Deep into KV Cache
observations and learnings from the world of LLM inference
As seen in the picture above, the matrices obtained with KV caching are way smaller, which leads to faster matrix multiplications. The only downside is that it needs more GPU VRAM (or CPU RAM if GPU is not being used) to cache the Key and Value states.
Fortunately, contexts with identical prefixes can take advantage of KV-cache, which drastically reduces time-to-first-token (TTFT) and inference cost—whether you're using a self-hosted model or calling an inference API. And we're not talking about small savings: with Claude Sonnet, for instance, cached input tokens cost 0.30 USD/MTok, while uncached ones cost 3 USD/MTok—a 10x difference.
Improving KV-Cache Hit Rate
From a context engineering perspective, improving KV-cache hit rate involves a few key practices:
- Keep your prompt prefix stable. Due to the autoregressive nature of LLMs, even a single-token difference can invalidate the cache from that token onward. A common mistake is including a timestamp—especially one precise to the second—at the beginning of the system prompt. Sure, it lets the model tell you the current time, but it also kills your cache hit rate.
- Make your context append-only. Avoid modifying previous actions or observations. Ensure your serialization is deterministic. Many programming languages and libraries don't guarantee stable key ordering when serializing JSON objects, which can silently break the cache.

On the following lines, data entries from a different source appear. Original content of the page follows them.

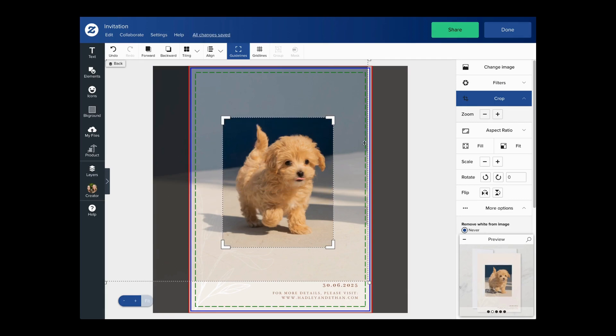Now that I'm done cropping, I can exit crop mode by pressing Escape, double-clicking the image, or pressing the crop button.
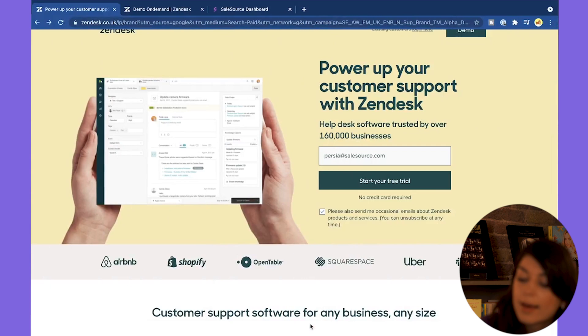If you are a store owner, an Airbnb host, or even an Uber driver, this video is for you. I'm going to go through why Zendesk has been so helpful for us at SaleSource.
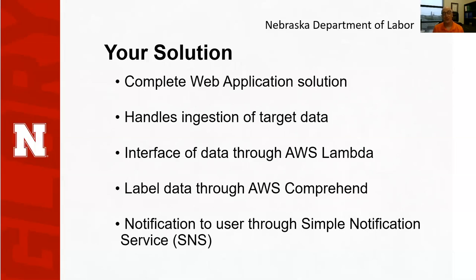Your solution should be a complete web application. It should handle ingestion of large target data sets. It should interface data through AWS Lambda. It should label data through AWS Comprehend, and it should have notifications to the user with Simple Notification Service.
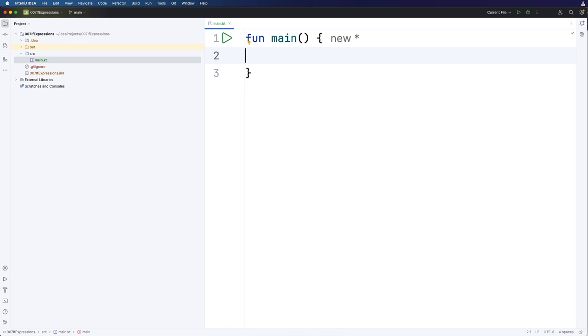Hello, this is John from caveofprogramming.com. In this video we're going to take a look at if expressions in Kotlin.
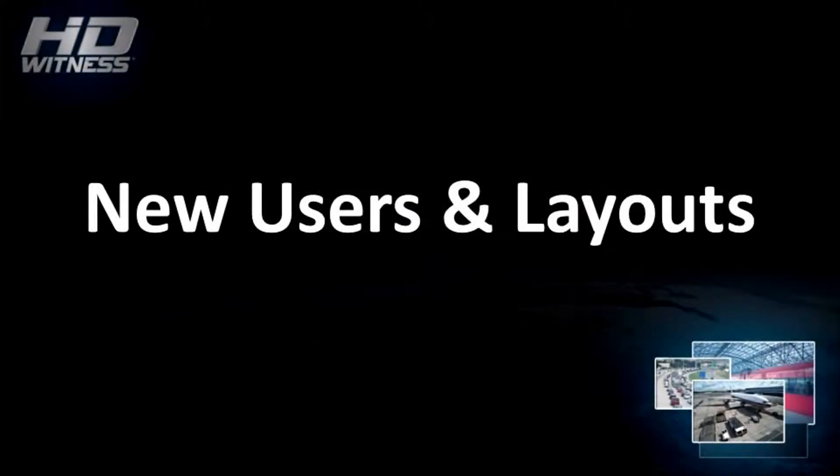Hello, and thanks for watching this video demonstration of some more features and benefits of HD Witness from Network Optics.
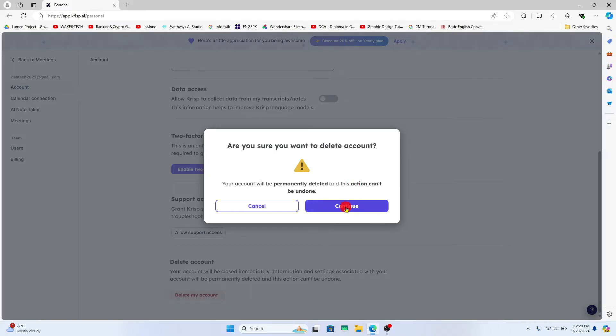Click on the continue button and you will be asked to enter your account password to verify your identity. After entering this password, you may also be asked to enter the verification code that is sent to your email address. After proceeding forward with both of these, you will be logged out from your CRISP AI account and your account will be scheduled for deletion.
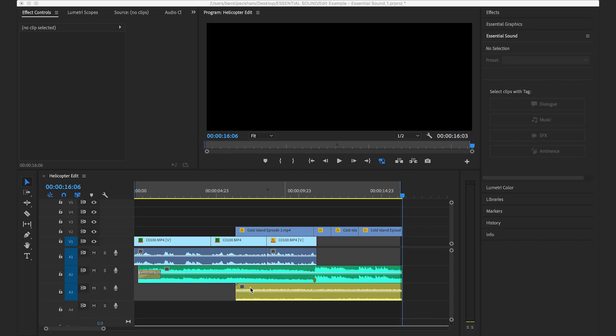Let's dive into the Essential Sound Panel and talk about how we can improve our audio for our videos. The first thing we want to start with is assigning audio types to our tracks so Premiere Pro knows what is what, and this will come in handy later when we start talking about ducking our music track.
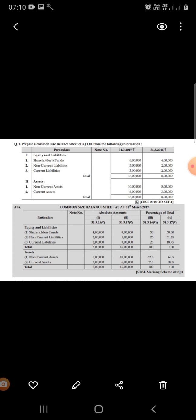In the next two columns, we calculate the percentage of total. For shareholder funds in 2016: divide 4 lakhs by the total of 8 lakhs, multiplied by 100, to get the percentage. For 2017, shareholder funds is 8 lakhs and the total is 16 lakhs, so 8 divided by 16 into 100 gives 50 percent.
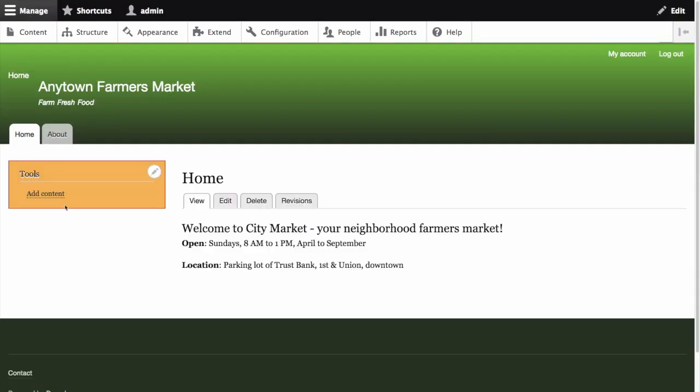The Home page now displays the main navigation with the Home menu item displayed first.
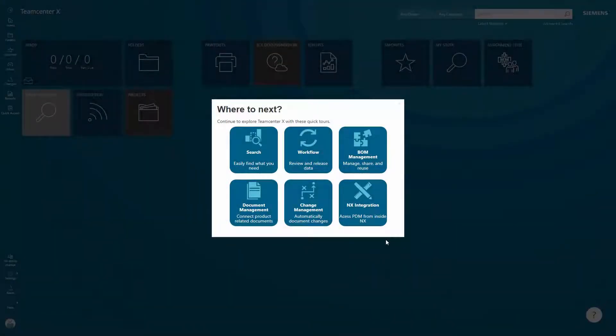From there, you'll be presented with a dashboard where you can select from user-guided overviews that cover some of the main areas of Teamcenter X. You're free to try out the software on your own, but we recommend going through the guided overviews first so you can get a good idea of the capabilities of Teamcenter X and how it can help your business.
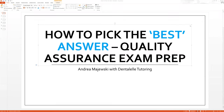Hello everybody, good afternoon. This is Andrea here with Dental L Tutoring. I will be hosting a webinar this Friday evening, so that is tomorrow, depending on when you're watching the video, but this will be tomorrow at 8 PM Eastern Time. I'll leave you guys the link at the end of this video on how to sign up for that. Everybody is more than welcome to come.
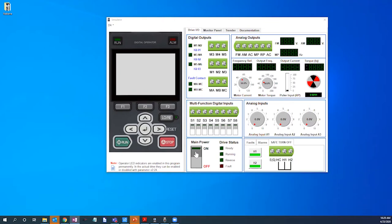As you can see we have a simulated digital operator keypad for a G800 480 volt three horsepower VFD and an associated virtual terminal indicator panel. Please note that this is a simulated keypad that does not offer full programming functionality. However, it is identical in look and operation to a physical G800 digital operator keypad.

- Mark cache breakpoints explicitly when needed. Some model providers or inference frameworks don't support automatic incremental prefix caching, and instead require manual insertion of cache breakpoints in the context. When assigning these, account for potential cache expiration and at minimum, ensure the breakpoint includes the end of the system prompt.

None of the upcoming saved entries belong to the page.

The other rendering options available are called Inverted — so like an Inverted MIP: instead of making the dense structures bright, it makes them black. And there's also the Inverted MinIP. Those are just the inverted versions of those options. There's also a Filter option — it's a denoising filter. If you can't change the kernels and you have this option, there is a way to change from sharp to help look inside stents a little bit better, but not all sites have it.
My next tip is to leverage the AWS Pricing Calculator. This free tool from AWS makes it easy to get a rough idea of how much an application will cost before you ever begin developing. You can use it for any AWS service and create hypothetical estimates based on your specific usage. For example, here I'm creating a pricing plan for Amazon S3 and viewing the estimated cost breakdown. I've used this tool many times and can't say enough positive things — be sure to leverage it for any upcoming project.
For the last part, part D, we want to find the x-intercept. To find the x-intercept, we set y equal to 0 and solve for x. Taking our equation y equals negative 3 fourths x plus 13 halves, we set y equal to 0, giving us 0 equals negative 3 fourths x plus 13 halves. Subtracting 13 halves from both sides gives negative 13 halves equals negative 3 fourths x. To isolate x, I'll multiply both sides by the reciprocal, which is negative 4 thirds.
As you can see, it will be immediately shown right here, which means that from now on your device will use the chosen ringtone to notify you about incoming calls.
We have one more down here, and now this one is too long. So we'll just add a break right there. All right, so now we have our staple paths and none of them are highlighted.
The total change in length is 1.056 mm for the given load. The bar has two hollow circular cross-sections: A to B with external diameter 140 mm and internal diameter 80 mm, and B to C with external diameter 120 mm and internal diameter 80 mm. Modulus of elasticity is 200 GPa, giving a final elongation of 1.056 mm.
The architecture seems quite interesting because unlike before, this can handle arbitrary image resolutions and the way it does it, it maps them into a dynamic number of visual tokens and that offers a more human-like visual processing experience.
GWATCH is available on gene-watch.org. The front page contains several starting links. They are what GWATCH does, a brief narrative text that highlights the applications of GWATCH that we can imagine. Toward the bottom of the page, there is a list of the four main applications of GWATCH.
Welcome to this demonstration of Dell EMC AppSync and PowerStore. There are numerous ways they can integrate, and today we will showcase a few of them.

Avoid Dynamic Tool Changes
Unless absolutely necessary, avoid dynamically adding or removing tools mid-iteration. There are two main reasons for this:
- In most LLMs, tool definitions live near the front of the context after serialization, typically before or after the system prompt. So any change will invalidate the KV-cache for all subsequent actions and observations.
- When previous actions and observations still refer to tools that are no longer defined in the current context, the model gets confused. Without constrained decoding, this often leads to schema violations or hallucinated actions.
Context Window Limitations
Modern frontier LLMs now offer context windows of 128K tokens or more. But in real-world agentic scenarios, that's often not enough, and sometimes even a liability. There are three common pain points:
- Observations can be huge, especially when agents interact with unstructured data like web pages or PDFs. It's easy to blow past the context limit.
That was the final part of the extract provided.